Biografie: Manfred Deix

Geb. 1949 in St. Pölten. 1960 erste Comicstrip-Serie in der „NÖ- Kirchenzeitung“.
1965 Eintritt in die Höhere Graphische Lehr- und Versuchsanstalt, Wien. 1968 Beginn des Studiums an der Akademie der bildenden Künste , Wien. 1972 erste Veröffentlichungen in den Magazinen „profil“, „trend“, „Economy“. 1978 Titelblätter und Zeichnungen für „Stern“, „Spiegel“, „pardon“, „Titanic“, „Playboy“.
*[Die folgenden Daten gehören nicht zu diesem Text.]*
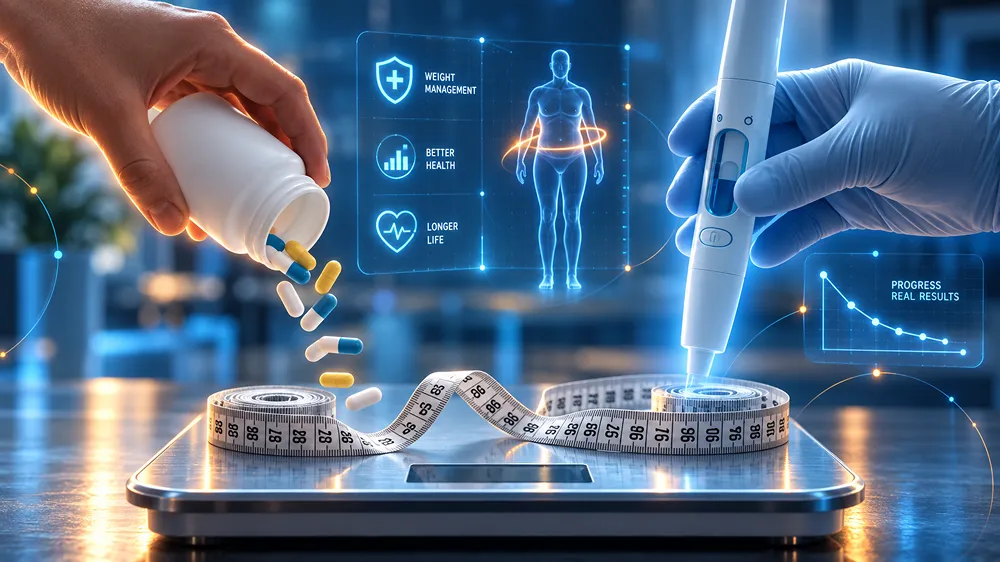 Retatrutide vs Foundayo (Orforglipron): Injection or Pill?
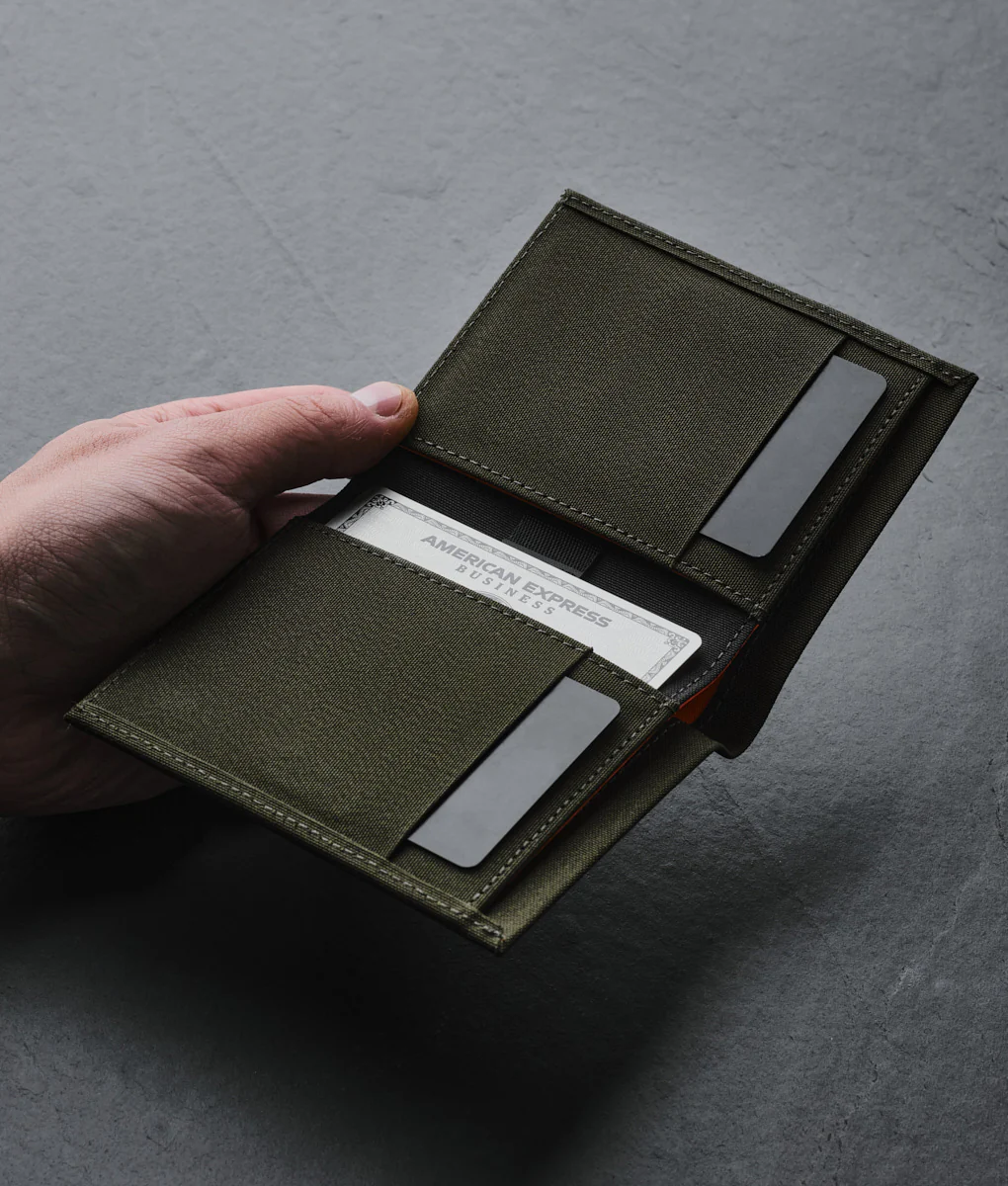 ARK Bifold Cash Wallet - Image 49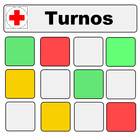 Agenda Turnos 圖標
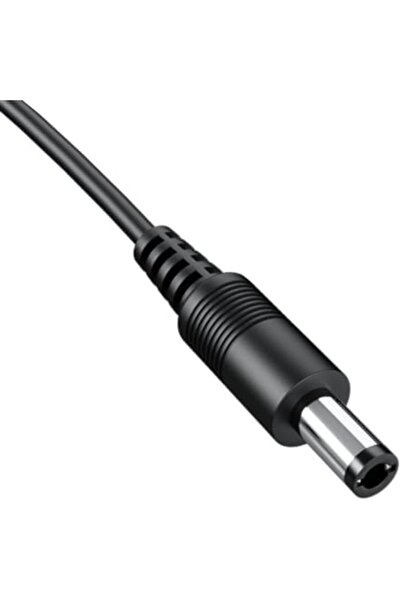 Generic DC Splitter Cable 1 Female to 4 Male 5.5mm × 2.1mm Power Extension 12V for Lighting Strips and CCTV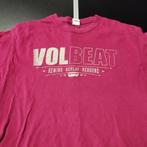 metal shirt: Volbeat- Rewind.............asNEW......wk11, Verzenden, Zo goed als nieuw, Maat 52/54 (L), Zwart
1980 erstes von bisher dreizehn Bücher.
1984 Heirat mit Marietta in Las Vegas; erster persönlicher Kontakt mit den „Beach Boys“.
Ausstellungen in Wien, Berlin, Hamburg, Ludwigshafen, Heilbronn, Frankfurt, Hannover, Köflach. Fernsehportraits von ORF, BBC, ZDF, SRG, 3sat.
1988 Verleihung des Nestroy-Ringes der Stadt Wien.
1995 Goldene Schallplatte für die CD „Musik aus Ameriga“ und wöchentliche Cartoons im Magazin „News“.
2005 Goldenes Verdienstzeichen des Landes Wien; Permanentausstellung Deix in the City im Karikaturmuseum Krems.